NAR’s August existing-home sales report reveals declines – the good kind.
The second quarter of 2014 saw consecutive months of gains, and it looked like that trend was continuing into the third quarter. However, due to a increasing lack of interest from all-cash investors, existing-home sales in August slipped, according to the National Association of Realtors.
The association’s report revealed that total existing-home sales, considering transactions of all property types – single-family homes, townhomes, condominiums and co-ops – decreased 1.8 percent to a seasonally adjusted annual rate of just over 5 million.
NAR researchers say that sales are still at the second-highest pace of 2014, but remain 5.3 percent behind figures from August 2013.
And the North Prevails
While the overall decreases reflect the condition of the national market, NAR also examined the performance of the four regional markets, finding that:
- In the Northeast, existing-home sales leaped 4.7 percent to an annual rate of 670,000, but remain 4.3 percent below last August’s levels.

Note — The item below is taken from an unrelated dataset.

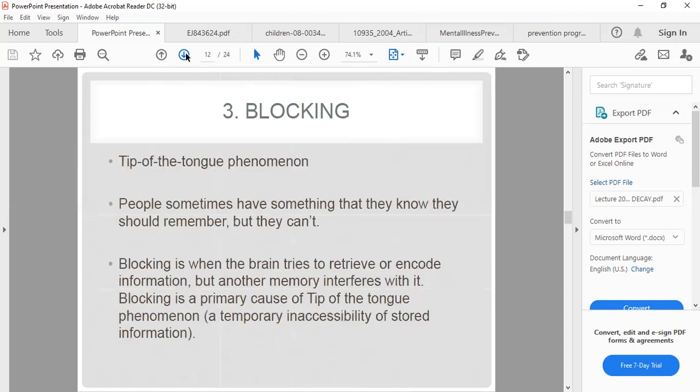Blocking, or the tip-of-the-tongue phenomenon, occurs when people know they should remember something but cannot. Blocking is when the brain tries to retrieve or encode information but another memory interferes with it. It is the primary cause of the tip-of-the-tongue phenomenon — a temporary inaccessibility of stored information, where you say, 'I know it; if I remember the word I will tell you.'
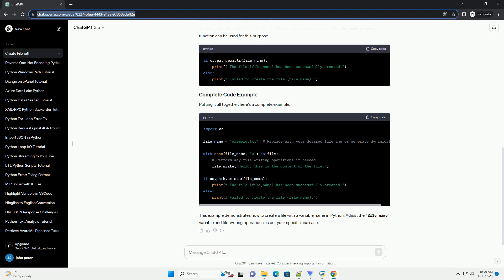Use the open function to create a new file with the specified name. The W mode indicates that the file will be opened for writing. If the file already exists, its contents will be truncated, otherwise, a new file will be created.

- In the Midwest, existing-home sales rose 2.5 percent to an annual rate of 1.24 million, but remain 3.9 percent below last August’s levels.
- In the South, existing-home sales declined 4.2 percent to an annual rate of 2.03 million. Levels remain 4.2 percent below last August.

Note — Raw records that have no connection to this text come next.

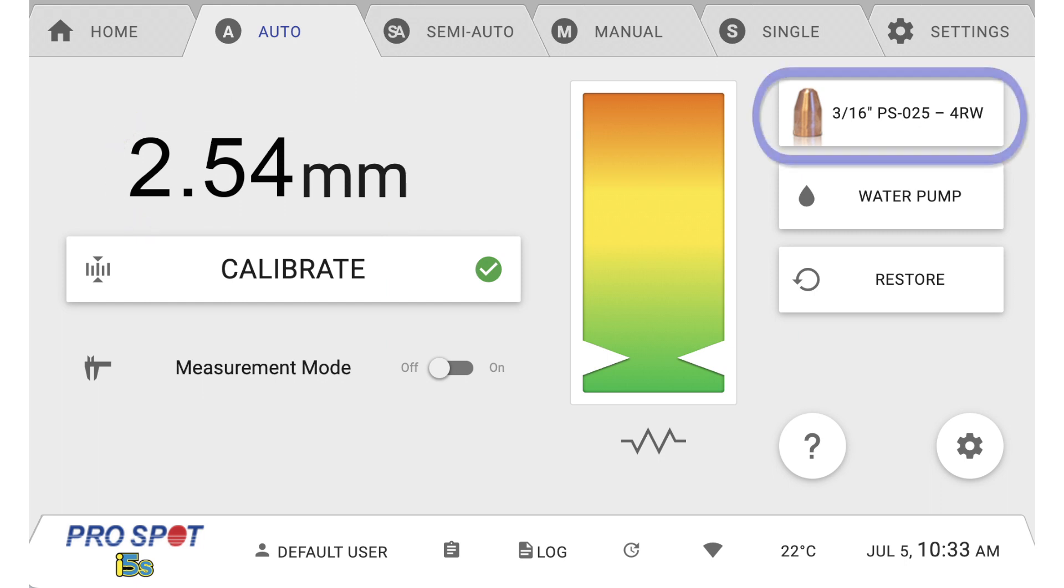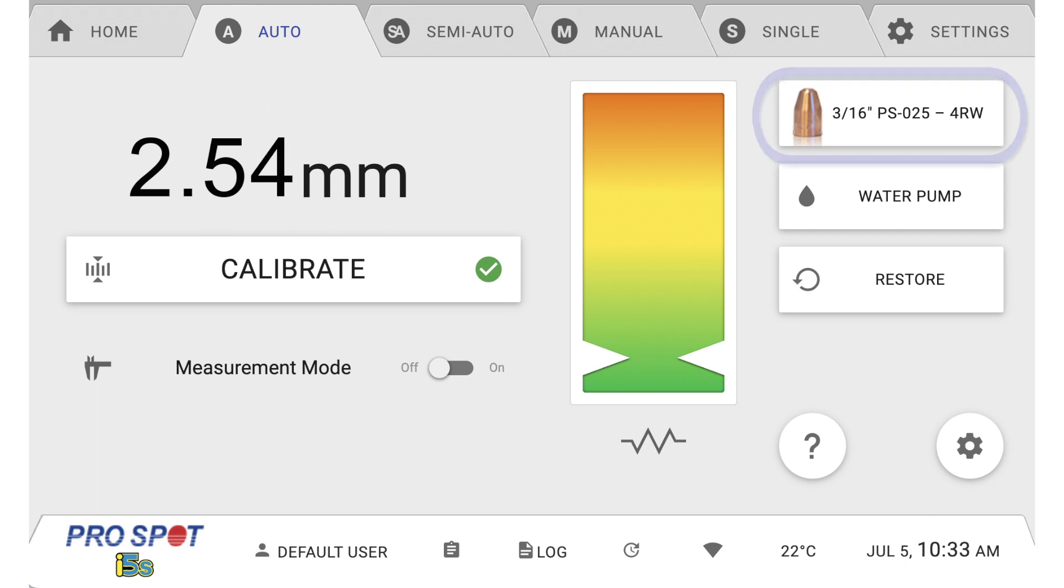The Weld Cap Selection button will display the size of the caps currently on the welder. It is important that this display matches the specific caps that are on the gun.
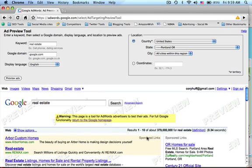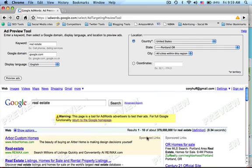Now, why would you want to use the Ad Preview Tool? That's a really good question. Whenever you go to Google.com and do a search for a certain keyword, that counts as an impression on your ad. What that means is that if you get a lot of impressions because you are checking to see if your ad is there every day, but you're not getting very many clicks, then Google thinks that your ad isn't performing very well, and that hurts your campaign.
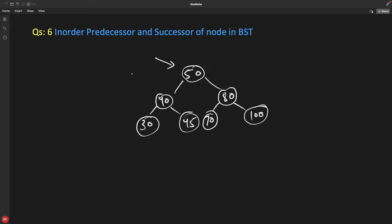Hello friends, this is Rupesh and you are watching CBPnet's video series on binary search interview questions. This is question number six where we'll talk about in-order predecessor and successor of a node in a binary search tree.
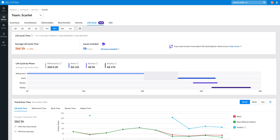The issues included in the calculation are linked here, as well as those that were excluded with an explanation as to why.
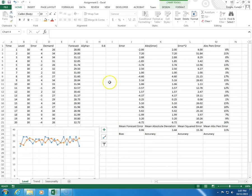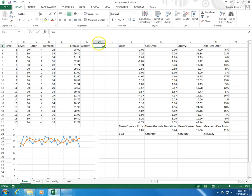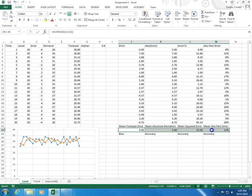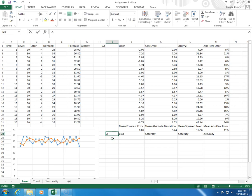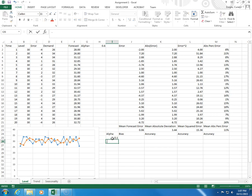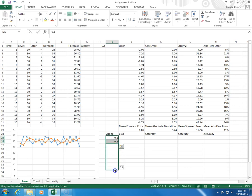So, I want you to change the value of alpha and see how these change. And I want you to calculate, let me put alpha here, alpha 0.1, 0.2, etc., up to 0.9.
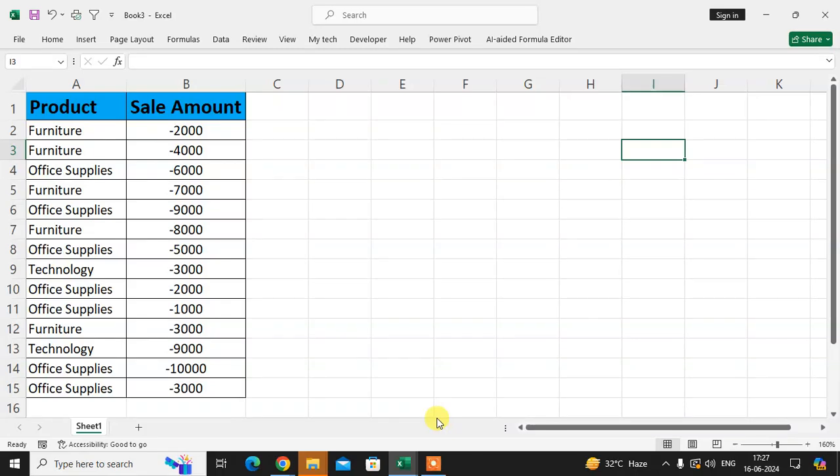In this video, we will learn how to convert negative amounts to positive in Excel sheet.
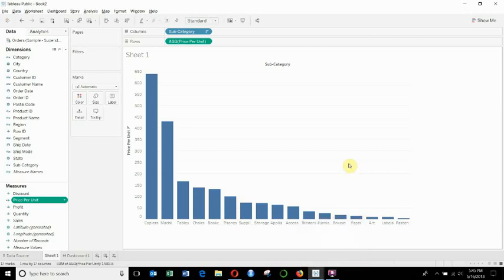Hi folks and welcome to another episode of Tableau in 2 Minutes. Today we're going to talk through how you can copy and paste calculated fields between two different workbooks and how to troubleshoot them if they have a slightly different data source.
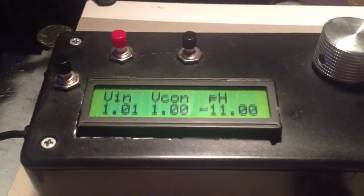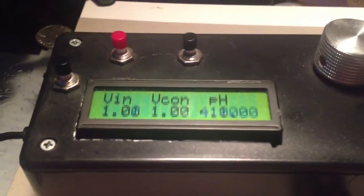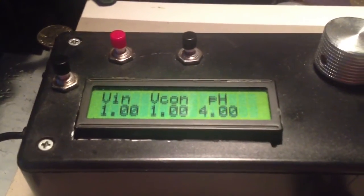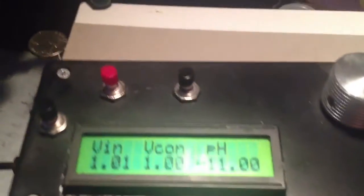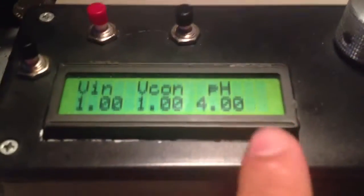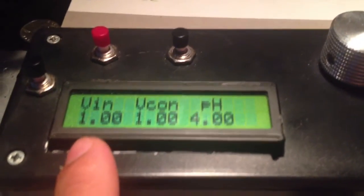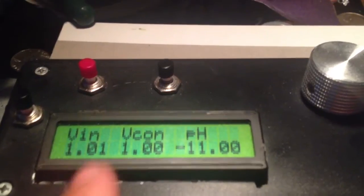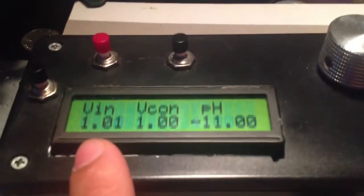The reason it's showing negative 11, 11.5 is because the pH 4 buffer is 1 and the pH 7 was set to 1.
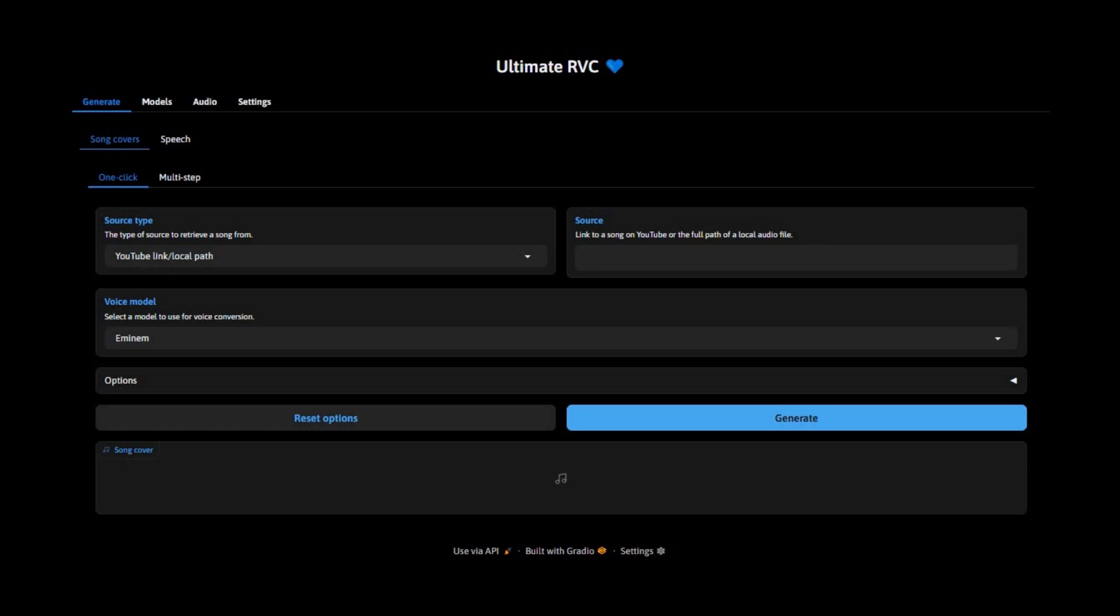If you don't know about this tool, this is Ultimate RVC, the best voice cloning tool ever made where you can train your own voice model and use it for voice calling or text-to-speech tools.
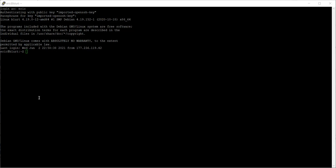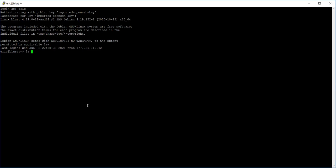We've already seen some commands. Let's briefly review the commands we've been looking at. Here we have the commands we've seen so far — a small recap.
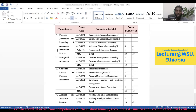Under the first theme — Financial Accounting and Reporting and Accounting Information Systems — there are five courses: Intermediate Financial Accounting 1, Intermediate Financial Accounting 2, Advanced Financial Accounting 1, Advanced Financial Accounting 2, and Accounting Information Systems.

- In the West, existing-home sales declined 5.1 percent to an annual rate of 1.11 million. Levels remain 9.8 percent below last August.
Shedding Investors Could Be a Good Thing
While sales activity did diminish in August, it’s not all necessarily bad. Both NAR President Steve Brown and the group’s chief economist Lawrence Yun agree that the fall in sales is the result of decreased investor interest, which could help decongest avenues to homeownership in competitive markets.
“There was a marked decline in all-cash sales from investors,” Yun says. “On the positive side, first-time buyers have a better chance of purchasing a home now that bidding wars are receding and supply constraints have significantly eased in many parts of the country.”
So long as job growth and wages continue to improve, Yun adds, pent up demand in the truly competitive markets, like Houston, can begin easing, making it ultimately more appealing for buyers dependent on financing to purchase.